Look through the material below. Return exactly the lines from the one with "Photo of Bedroom in Lagny-sur-Marne" through the one with "BlacReign online show", both included.

DATA FOR THIS EXERCISE:

◇ ◇ ◇ ◇ ◇ ◇ ◇

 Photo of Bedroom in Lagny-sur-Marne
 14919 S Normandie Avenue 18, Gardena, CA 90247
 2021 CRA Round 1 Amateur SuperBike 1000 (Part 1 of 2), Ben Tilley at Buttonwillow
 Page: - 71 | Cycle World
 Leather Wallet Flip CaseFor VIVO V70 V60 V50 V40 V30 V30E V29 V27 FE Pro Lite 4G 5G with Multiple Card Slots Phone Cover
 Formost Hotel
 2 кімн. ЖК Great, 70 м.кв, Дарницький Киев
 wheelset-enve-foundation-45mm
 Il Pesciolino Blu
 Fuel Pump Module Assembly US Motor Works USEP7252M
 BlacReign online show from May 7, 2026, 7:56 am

◇ ◇ ◇ ◇ ◇ ◇ ◇

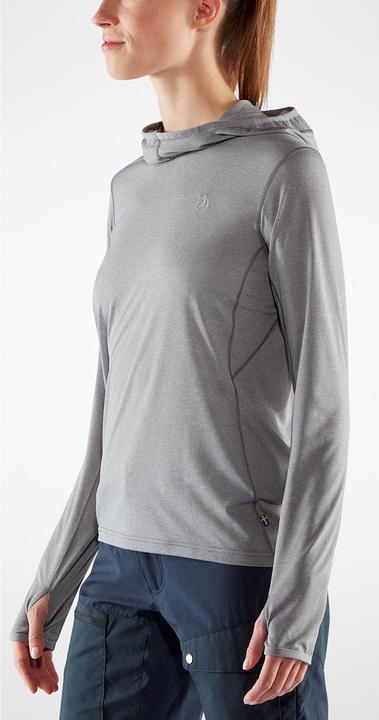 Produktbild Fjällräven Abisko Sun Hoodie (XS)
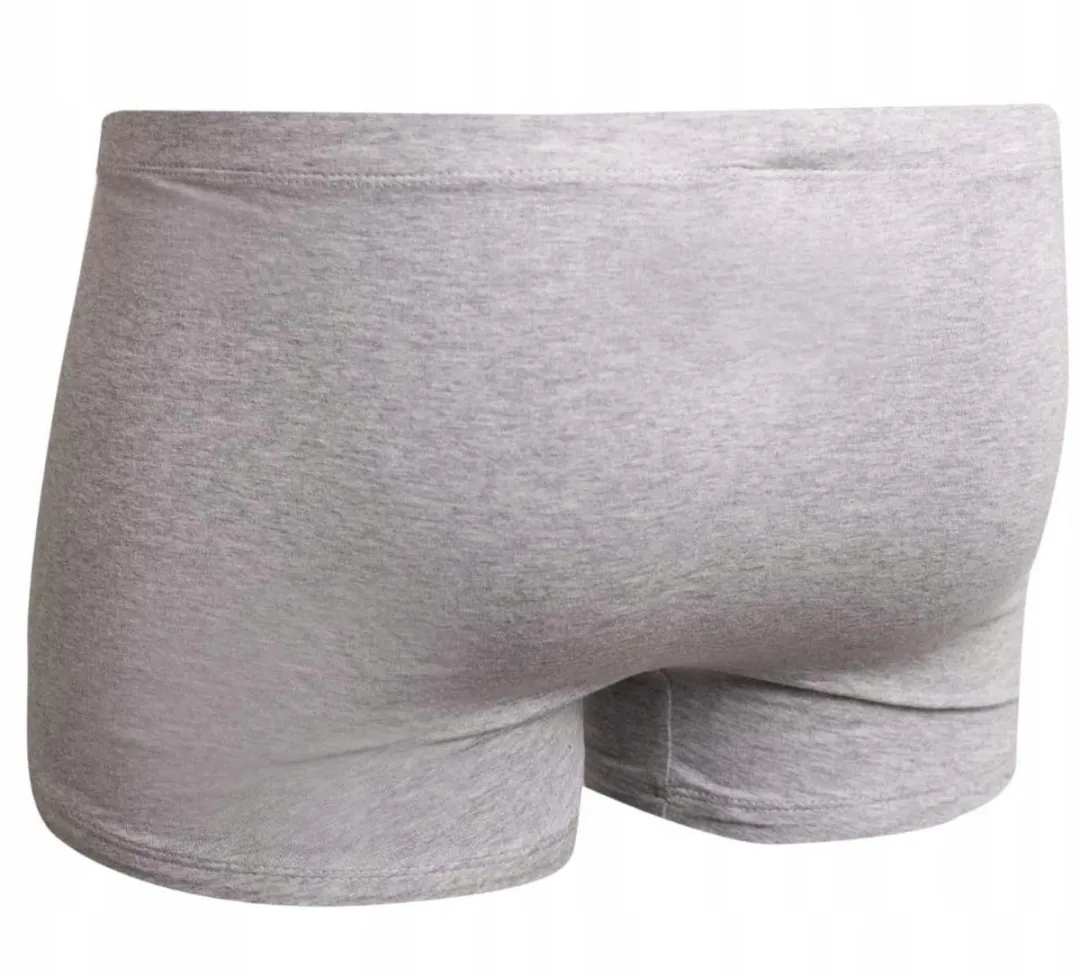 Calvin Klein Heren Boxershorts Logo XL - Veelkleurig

◇ ◇ ◇ ◇ ◇ ◇ ◇

EXERCISE ANSWER:
 Photo of Bedroom in Lagny-sur-Marne
 14919 S Normandie Avenue 18, Gardena, CA 90247
 2021 CRA Round 1 Amateur SuperBike 1000 (Part 1 of 2), Ben Tilley at Buttonwillow
 Page: - 71 | Cycle World
 Leather Wallet Flip CaseFor VIVO V70 V60 V50 V40 V30 V30E V29 V27 FE Pro Lite 4G 5G with Multiple Card Slots Phone Cover
 Formost Hotel
 2 кімн. ЖК Great, 70 м.кв, Дарницький Киев
 wheelset-enve-foundation-45mm
 Il Pesciolino Blu
 Fuel Pump Module Assembly US Motor Works USEP7252M
 BlacReign online show from May 7, 2026, 7:56 am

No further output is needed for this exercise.